Preparando el regreso
Cuando Pacho y su familia llegaron a Suiza, él era el único que estaba convencido de que su estadía sería transitoria. “Por ahí en cinco años se calma la cosa y podemos regresar – cuenta que les decía–. Pero mi esposa me respondía escéptica, “esperé y verá”. Pasaron cinco años, diez, mis hijos terminaron de estudiar, recibieron la nacionalidad, y siempre terminamos proponiéndonos que el próximo año sí”.

Estando por fuera de Colombia Pacho continuó con su actividad política. Participó activamente de la creación del Polo Democrático en Europa y desde que se implementaron los diálogos de paz entre el gobierno y las Farc, ha estado pendiente de cómo puede contribuir.

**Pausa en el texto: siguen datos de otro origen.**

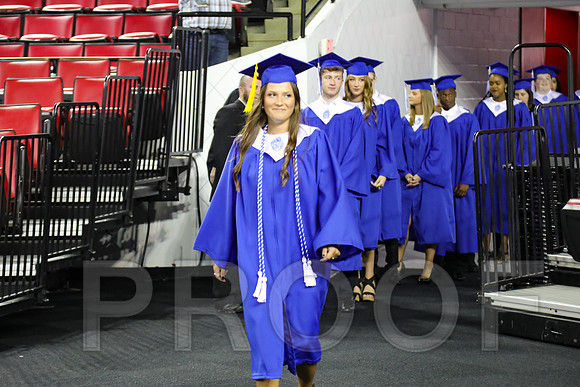 Oconee County High Graduation 2017 by Blane Marable Photography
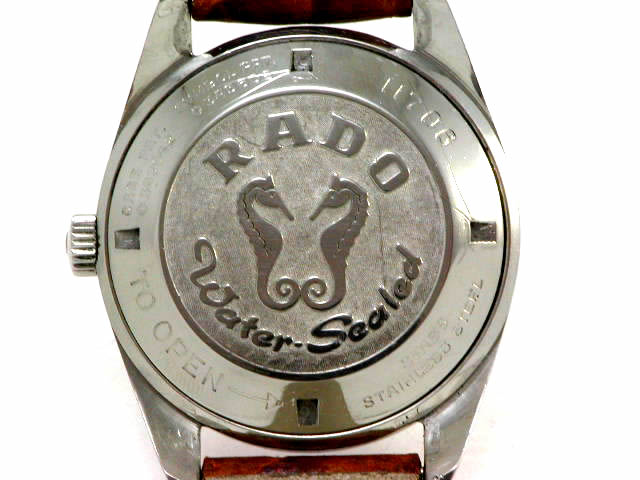 ラドー デイマスター 自動巻 純正尾錠 1960年代 OH済 Rado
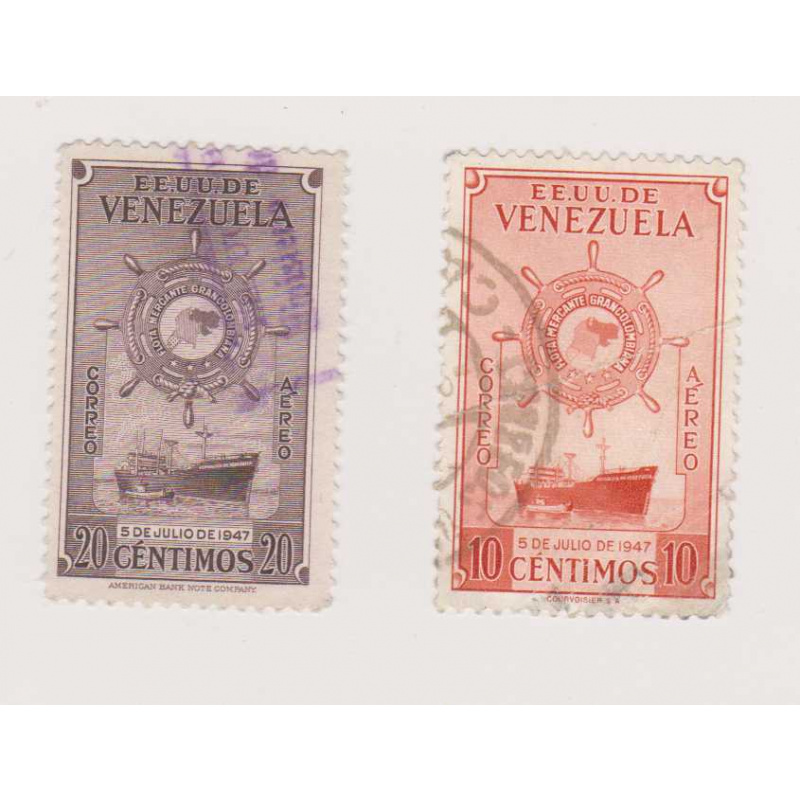 Venezuela #C257+259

Aunque confiesa que el 2 de octubre -día en el que se convocó al plebiscito por la paz-, hubiera votado sí de haber podido, pero no muy convencido.

“Yo estaba en Colombia, por eso no pude votar, porque debía hacerlo en Suiza. Ese proceso de La Habana es muy importante que se dé pero se ha hecho de espaldas a la sociedad, sin tener en cuenta al pueblo, a los movimientos sociales, en su lugar hay mucho interés de las multinacionales para poder aprovechar con más facilidad la extracción de recursos naturales. Yo tengo mucha esperanza en el proceso que se instale con el ELN, porque van por delante los movimientos sociales. Y ahí es donde yo quiero participar, por eso estoy preparando el regreso al país, vinculándome a la corriente de Poder y Unidad Popular (PUP) del Polo”.

Mientras se da el regreso, Pacho prepara la sustentación de su tesis doctoral en Geografía Humana, en la que teoriza sobre la reconstrucción del tejido social en las comunidades. Él y su esposa ya están mentalizados para vivir de nuevo en el país. “Estoy convencido de que puedo aportar más en Colombia y en América Latina, desde mi trayectoria de trabajo comunitario e investigativo y con mis reflexiones y experiencias contribuir a construir paz”.

*Nombre cambiado por petición de la fuente para proteger su seguridad.